The President of the Energy and Petroleum Commission of the AN and deputy for Zulia State, Elías Matta, rejected the transaction carried out by Maduro’s regime who, through a swap between PDVSA and a commercial company “PATSA” part of the economic group Rizek, received 49 percent of the shares that Venezuela had in the Dominican Republic refinery, in exchange for debt bonds issued by PDVSA.
This was stated this Tuesday by Dep. Mata in the online session of the Delegate Commission, where he presented a rejection agreement on the sale of PDV Caribe shares to the government of the Dominican Republic by Maduro’s regime (through a third party), without taking taking into account the constitutional and legal restrictions to carry out this type of negotiation. The agreement was approved unanimously.
“Thanks to the mismanagement of the Republic’s resources by this regime, from 2017 on, these bonds are practically called junk bonds because the regime irresponsibly did not comply with the corresponding payments.”
Matta described this transaction as obscure because it was carried out under strange circumstances, since PATSA received the shares in exchange for the defaulted bonds and this same company sold the shares to the Dominican government for more than 88 million dollars.

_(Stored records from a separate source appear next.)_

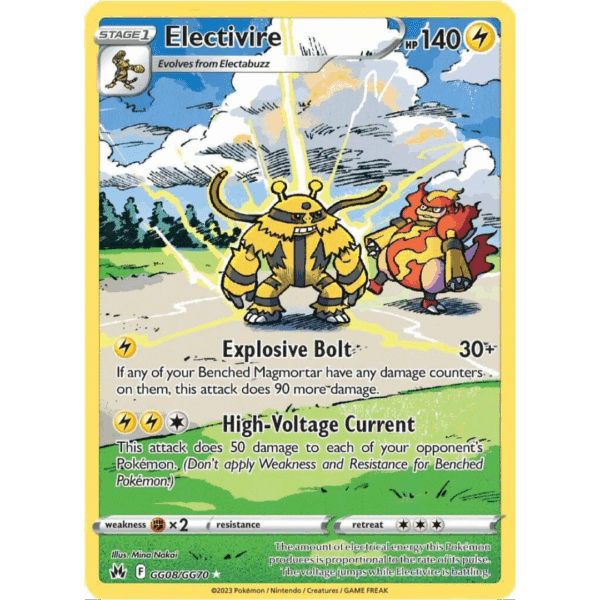 Electivire GG (CZ)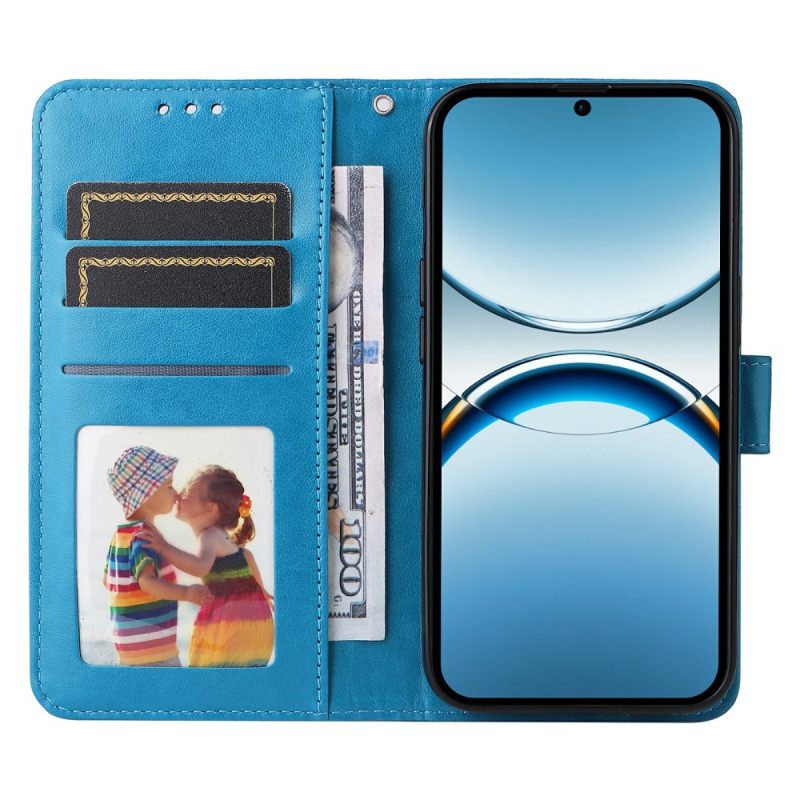 Kotelot Oppo Find X8 Puhelinkuoret Auringonkukkakuvio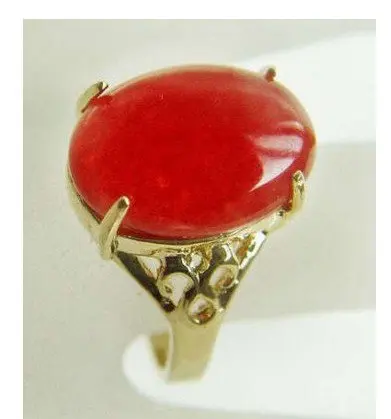 

charming Jewelry red Jades ring(7,8,9,10)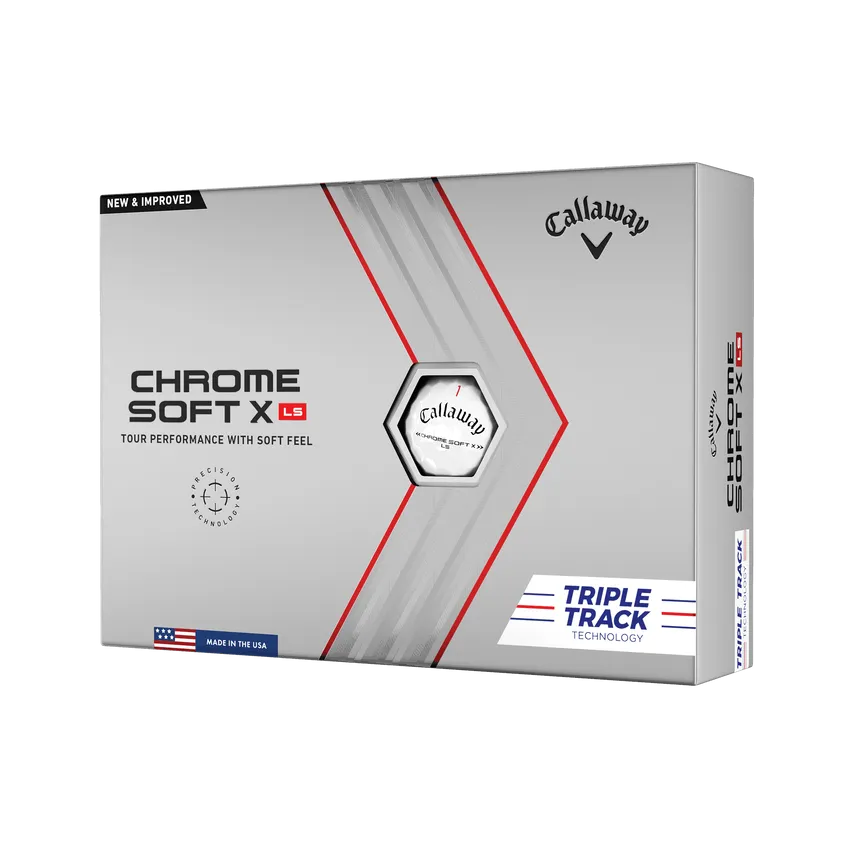 Callaway Chrome Soft X LS Triple Track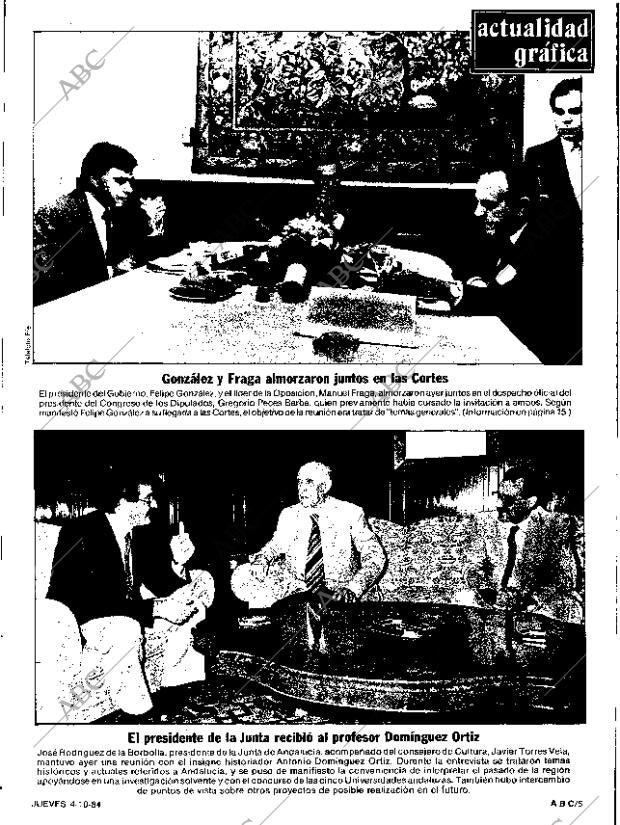 ABC SEVILLA 04-10-1984 página 5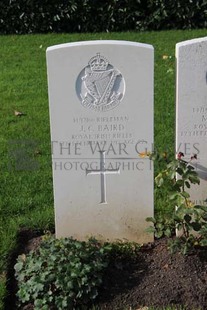 BERKS CEMETERY EXTENSION - BAIRD, JOHN CLELAND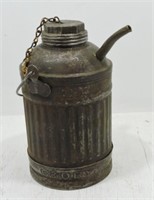 C & O Ry railroad kerosene can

“The first thing this operation did was violate article No. 150 of the Constitution of the Republic, because this is a public interest contract. Secondly, there is too much darkness in this operation: we do not know how much the nominal value of these bonds is, there was no transparency, why was this PATSA company specifically chosen? Therefore, from the National Assembly we approve the agreement to inform public opinion and the world of this operation that is totally obscure and we are not going to endorse the loss of the nation’s assets.”